**Exercise goal:**
The result should be the listing below, restated exactly, with its pictures left out.
══ Exercise data
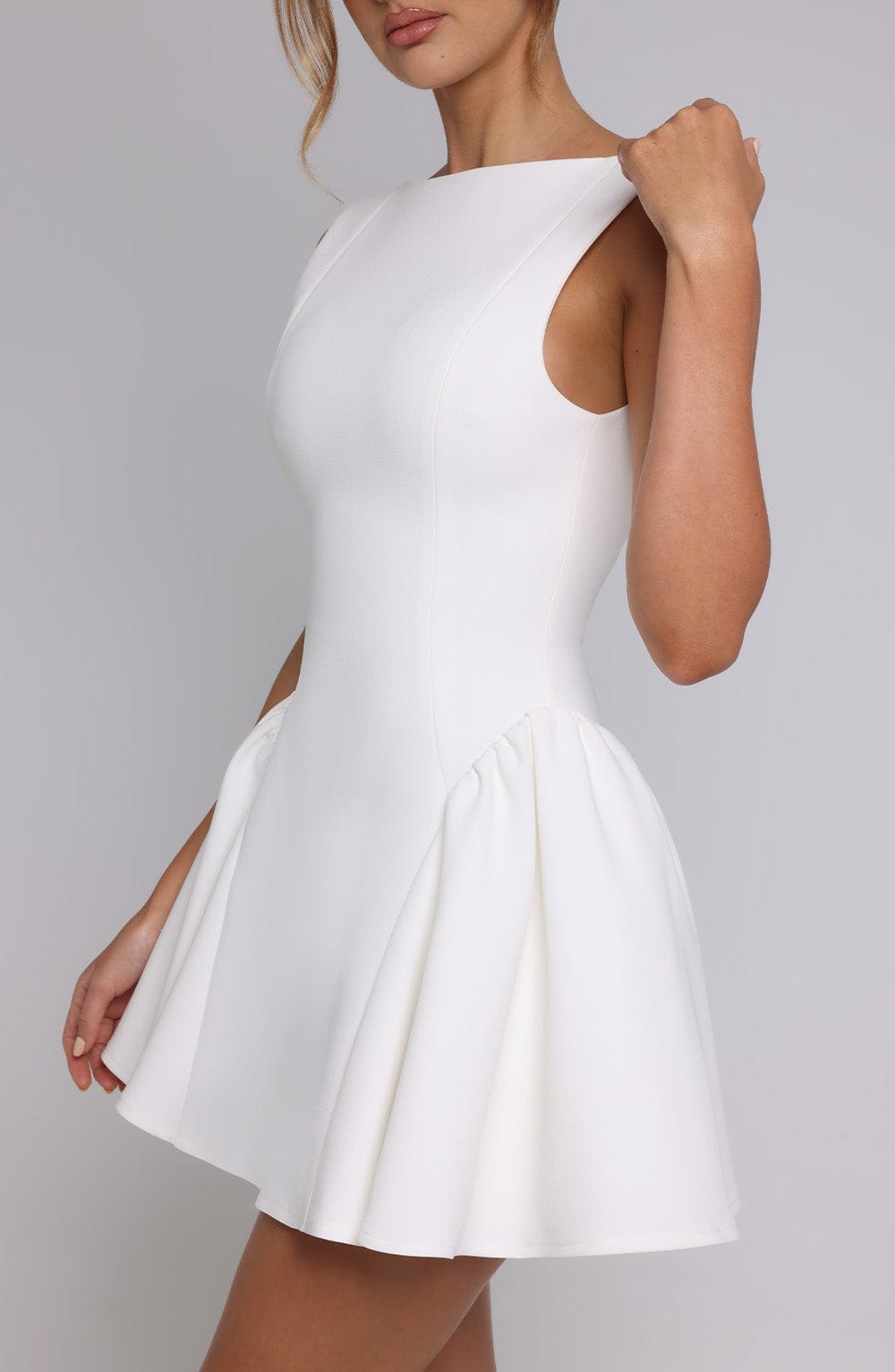 R.F Women's Dress Mini Backless Ivory Crepe Party
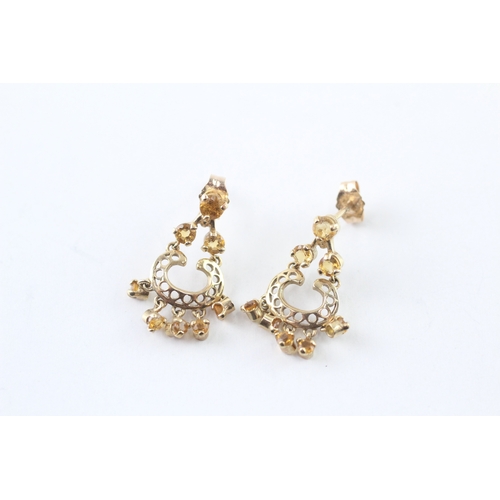217 - 9ct gold citrine drop earrings (1.6g)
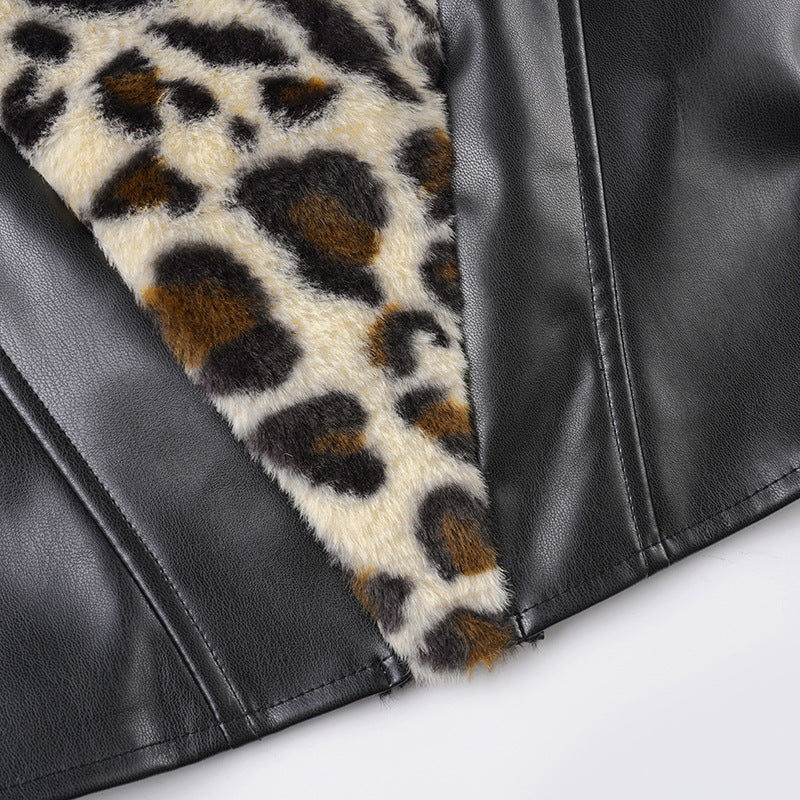 Women Clothing Two Piece Sets Leopard Fur Stitching Leather Tube Top Sexy Hip Skirt Two Piece Sets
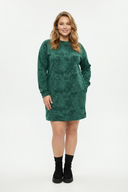 שמלה במידות גדולות שרוול ארוך צווארון עגול עם כיסים עם הדפס 106-77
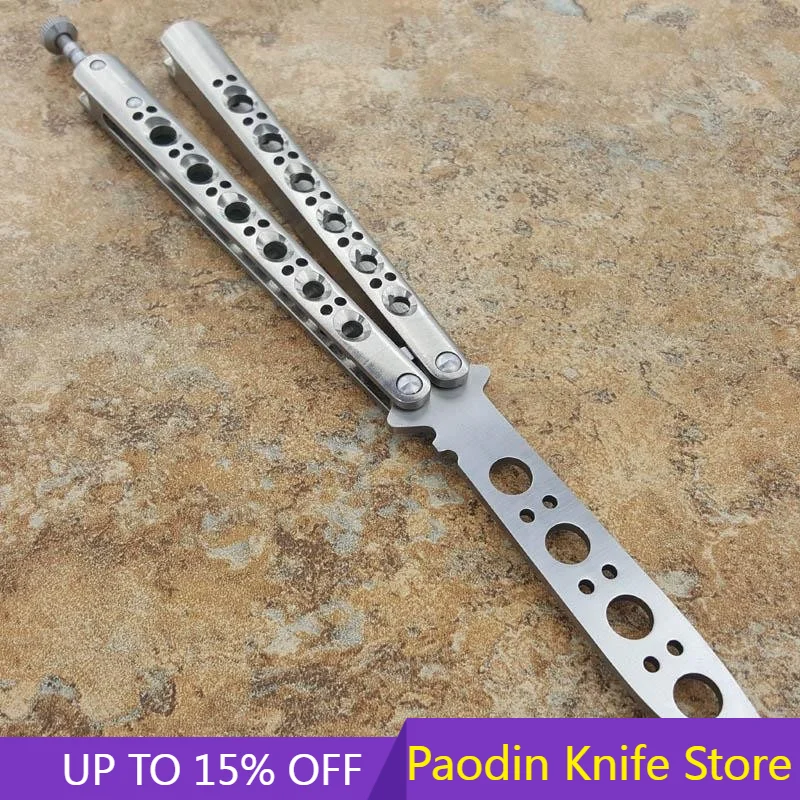 

Theone Classic BM40 Butterfly Knife Trainer Bushings Channel T4 Titanium Silver Handle 440C Blade EDC Pocket Tactical Knife Gift
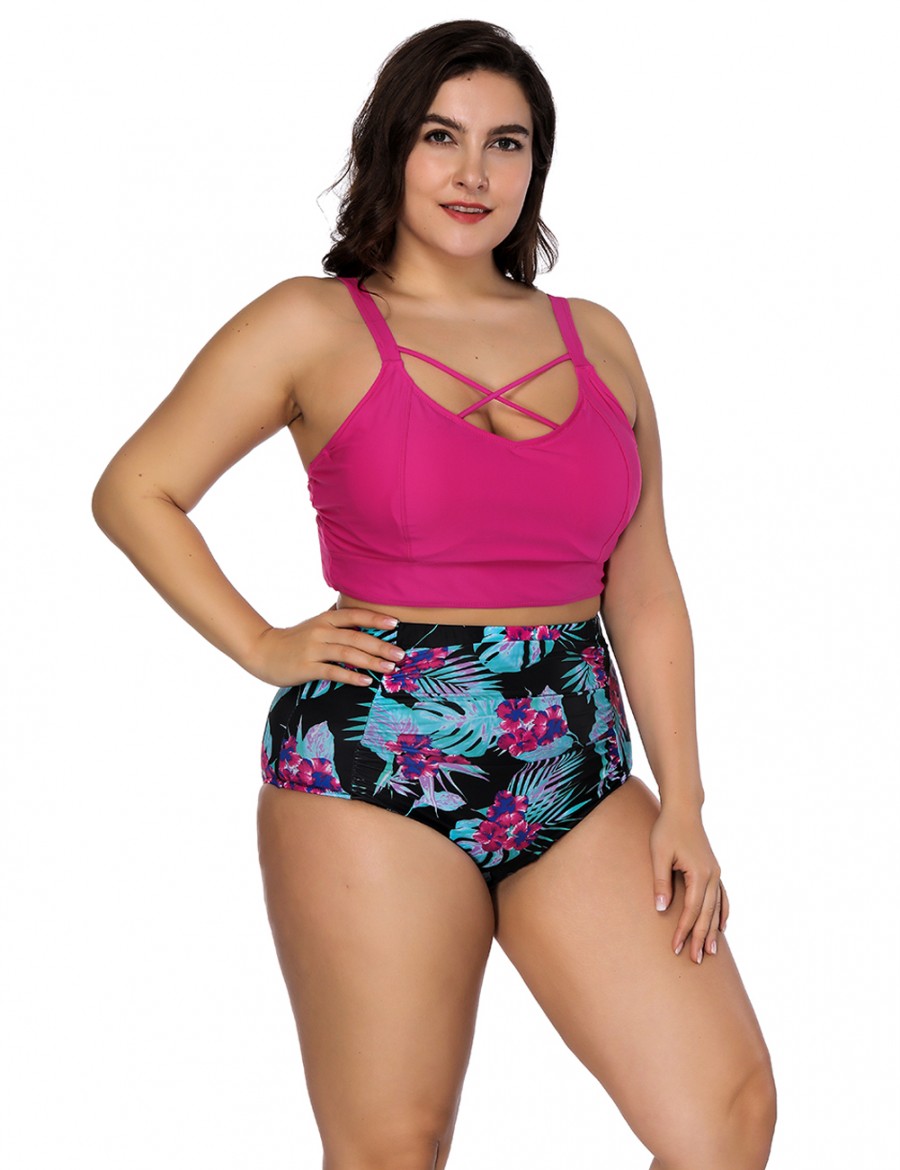 Casual Womens Swimwear Rose Red Plus Bikini Cut Out Back High Waisted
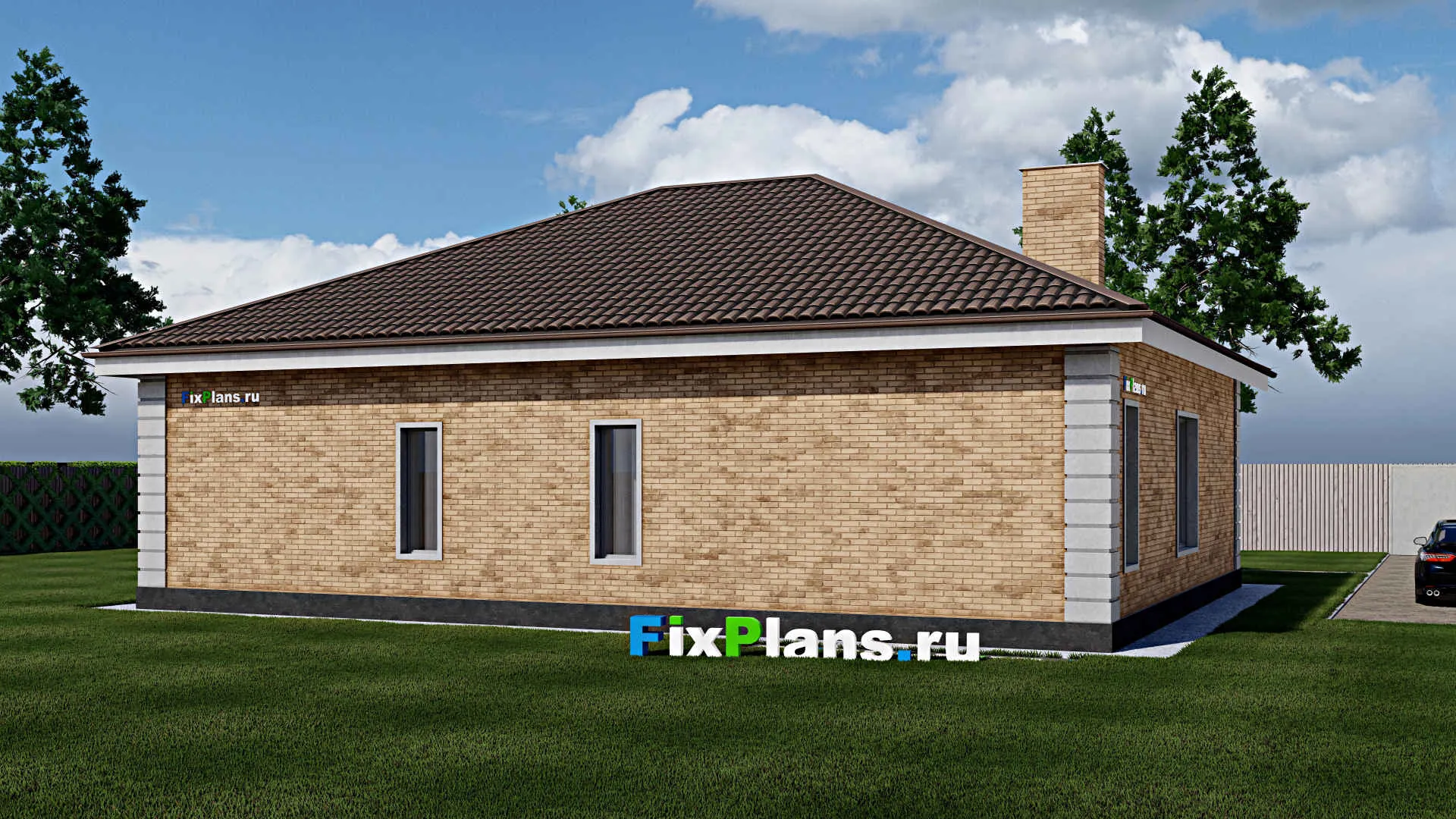 F-1664 - План одноэтажного дома 13 на 16, площадью 150 м² с 3 спальнями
════
**Solution to the problem:**
 R.F Women's Dress Mini Backless Ivory Crepe Party
217 - 9ct gold citrine drop earrings (1.6g)
 Women Clothing Two Piece Sets Leopard Fur Stitching Leather Tube Top Sexy Hip Skirt Two Piece Sets
 שמלה במידות גדולות שרוול ארוך צווארון עגול עם כיסים עם הדפס 106-77

Theone Classic BM40 Butterfly Knife Trainer Bushings Channel T4 Titanium Silver Handle 440C Blade EDC Pocket Tactical Knife Gift
 Casual Womens Swimwear Rose Red Plus Bikini Cut Out Back High Waisted
 F-1664 - План одноэтажного дома 13 на 16, площадью 150 м² с 3 спальнями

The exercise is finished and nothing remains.